P'ninat Mishpat: Putting Pressure on Male Inheritors

(based on Shoel Umeishiv III:I:I78)

Case: A man died, leaving behind two sons (including a firstborn) and three daughters. According to the laws of the government, the sons and daughters all inherit their father in equal parts unless the daughters sign a chesia (some sort of waiver of rights or acknowledgement). This is as opposed to the Torah law that the sons inherit, with the firstborn receiving a double portion. The daughters are willing to sign the chesia only if they get a full share of the inheritance. One of the daughters also claims that the firstborn told her husband that he does not want to receive one bit more than his sister, [but has since changed his mind, while not denying that statement].


Ruling: We will start by analyzing the firstborn’s mechila (relinquishing of rights). Regarding the firstborn’s regular portion, mechila does not work. This is because inheritance is an automatic right that comes to the inheritor based on Torah law. This right, which can take effect at any moment upon the “bequeathing party’s” death, is not subject to mechila (see Mishneh Lamelech, Ishut, ch. 23). [One would have to void his ownership or give it away to another after receiving the inheritance.]

The firstborn’s extra portion may be different in regard to mechila. Since the Torah views it as a “present” to the firstborn, he is able to remove himself from receiving it (Hagahot Oshri to Bava Batra 8:15). Although the Hagahot Oshri cites a Yerushalmi as saying that the firstborn’s mechila is ineffective, the K’tzot Hachoshen (278:13) neither could identify such a Yerushalmi nor did he understand what its reasoning would be. My father [Rav Aryeh Lebush Nathanson] claims that there is a misprint in the Hagahot Oshri and that he just said that yerusha (inheritance), i.e., a regular portion, is not subject to mechila. The conclusion is that mechila is effective for the firstborn’s extra portion, although in any specific case, it will depend on the language that the person uses.

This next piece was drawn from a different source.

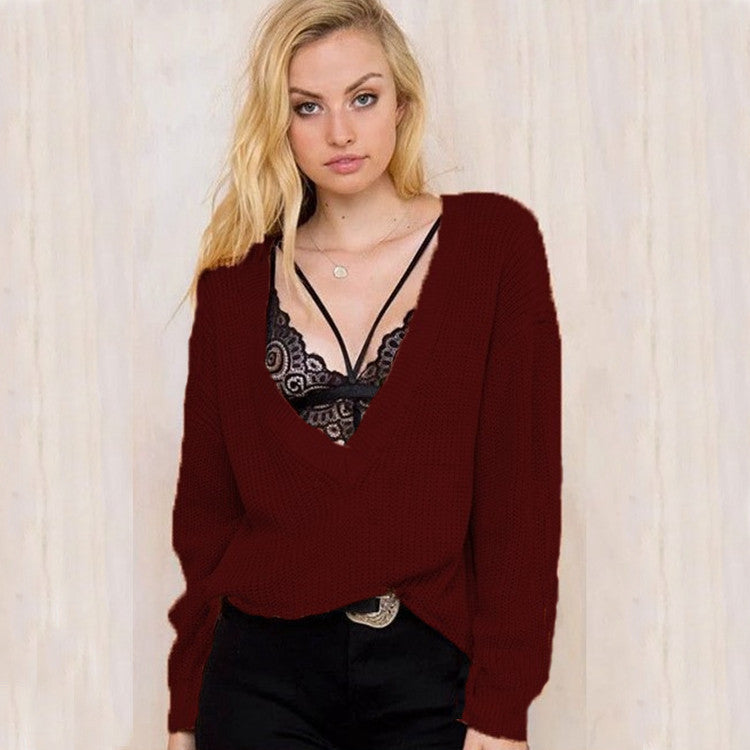 Damen Grobstrickpullover mit V-Ausschnitt und überschnittenen Schultern Drune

 Regarding the need to sign a chesia, it does not appear that the daughters are required to do that, even in regard to money that they do not deserve based on Torah law. This is what follows from the Pnei Moshe, and I have written on the matter at length in several responsa. I demonstrated that this approach is supported by Tosafot (Bava Kama 40b), who says that one who should pay for his ox’s damages from the ox itself can force the damaged party to relinquish some of his rights through a compromise based on the threat that he will hide his ox and thereby prevent payment. It is true that the Terumat Hadeshen (306) rejects this approach as the Shulchan Aruch (Choshen Mishpat 12:6) apparently does. However, it seems that in this case, the Shulchan Aruch could agree because the daughters are not taking steps to force the brothers to make a settlement, just that they are refusing to take positive action on their brothers’ behalf.